One of the more telling clues of how weak our run game is the third and short formation that we use either with a back at Luck's side for blocking -or empty backfield. Carter seems to be very tenative now, thinking maybe he will be banished if he ever fumbles again. But this was his first action after being hurt and punished for fumbling-He certainly has shown more power and strength than Brown. Brown's speed is suited well for the open field or running with a fullback like last year, sure is not very durable-maybe that is why he cannot block a wind. Hope Ballard can show more-it was his first.
Yeah, the OL was bad, but I wasn't impressed by Ballard at all on his starting debut. He impressed me with the aggression with which he runs, but his vision was poor, and he wasn't particularly quick. That being said, Carter looked worse, IMO.
Unfortunately, this O-line will not allow us to make any fair judgement on any of our running backs. That Ballard was able to get positive yards is a good thing. I still like Carter, for the most part. That being said, we need Donald back in the lineup. He is still the only back that threatens to break one and get behind past the defense. Although, if the offensive play-calling becomes predictable, this conversation on "who's the best/worst back?" becomes useless.

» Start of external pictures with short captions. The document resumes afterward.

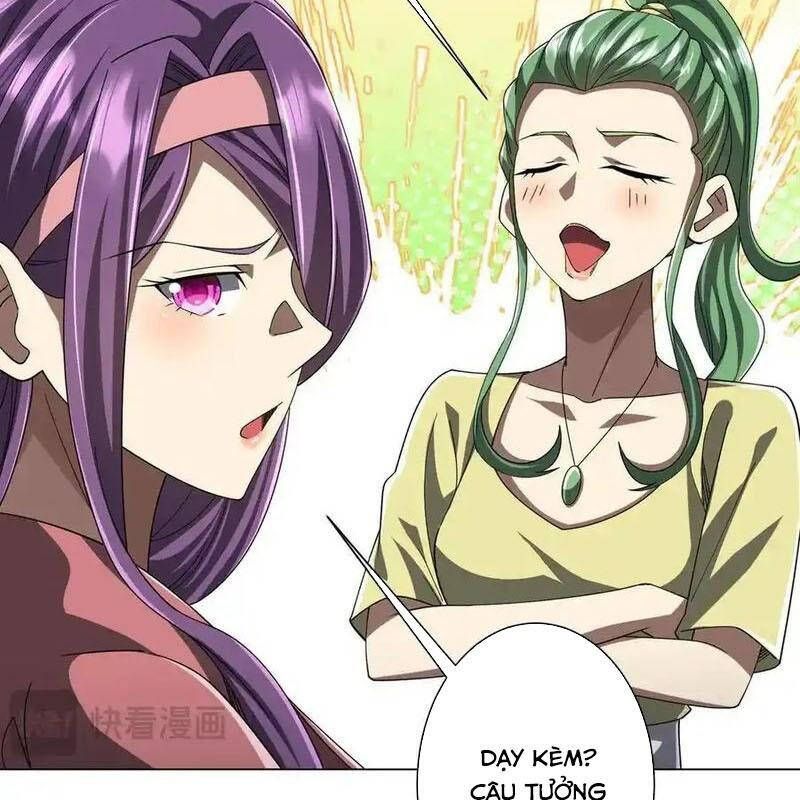 đọc truyện Bắt Đầu Với Trăm Vạn Minh Tệ Chương 126 ảnh 96 tại Thiên Thai Truyện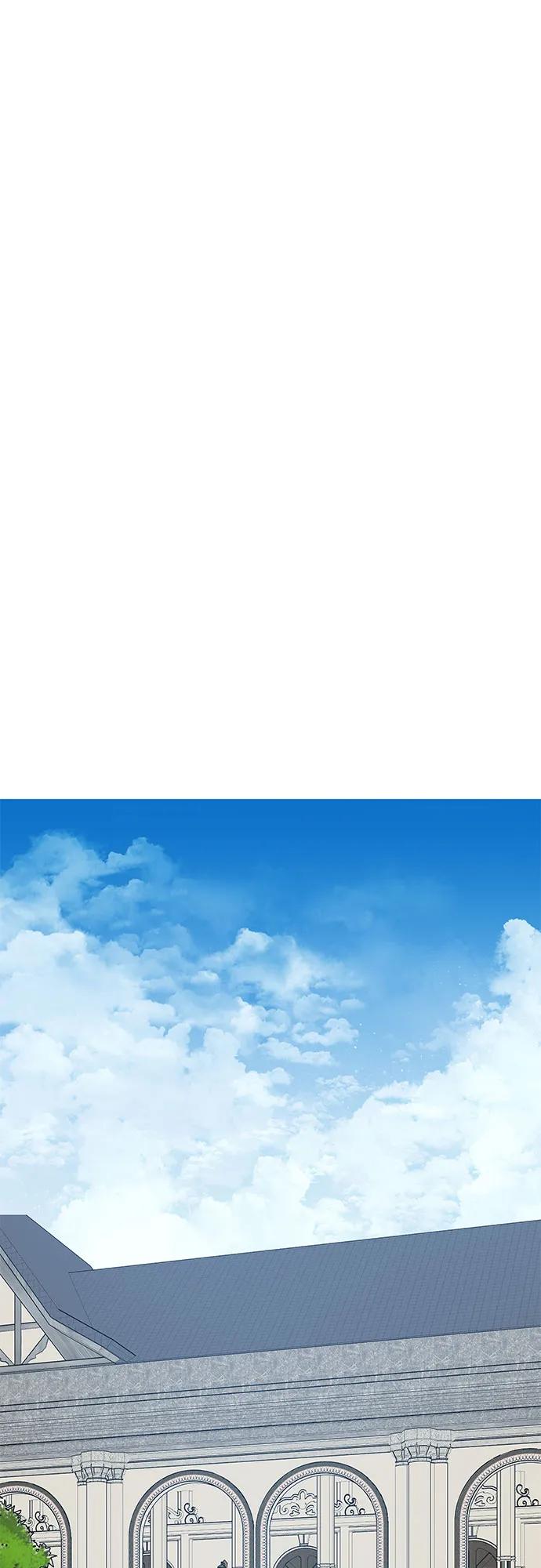 第14话39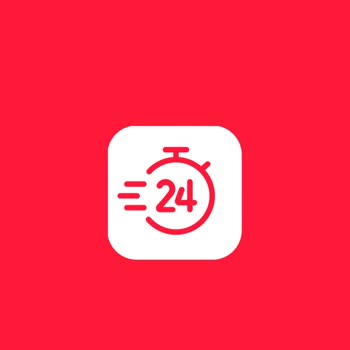 24 Saatte İş 24 Saatte Hesap Uygulaması Askıya Alınmış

I think being productive as a running back on a "bad" team is the hardest thing to do. (MJD with the Jags not withstanding, as they seemed built for no other purpose than to give the Manning led Colts fits, but no one else.)
A QB is as much responsible for his protection as the line and can somewhat display his skills by scrambling or getting rid of the ball very quickly. A WR or TE... well they really just need for 3 or 4 plays a game to go their way and they can put up some good numbers.
But a running back is at the mercy of so many more variables. (Most completely ouf of his control.) The situation, the play call, the play call of the defense and of course the blocking. Perhaps the great Barry Sanders could sometimes make something out of nothing, but mere mortals need a lot of help.
It is why, per my eye test, that i think Donald Brown has actually played pretty damn well over the last year and a half. And it is why, I completely agree with you that there is a lot more to judging a running back's skills or at least his effectiveness, than looking at a box score.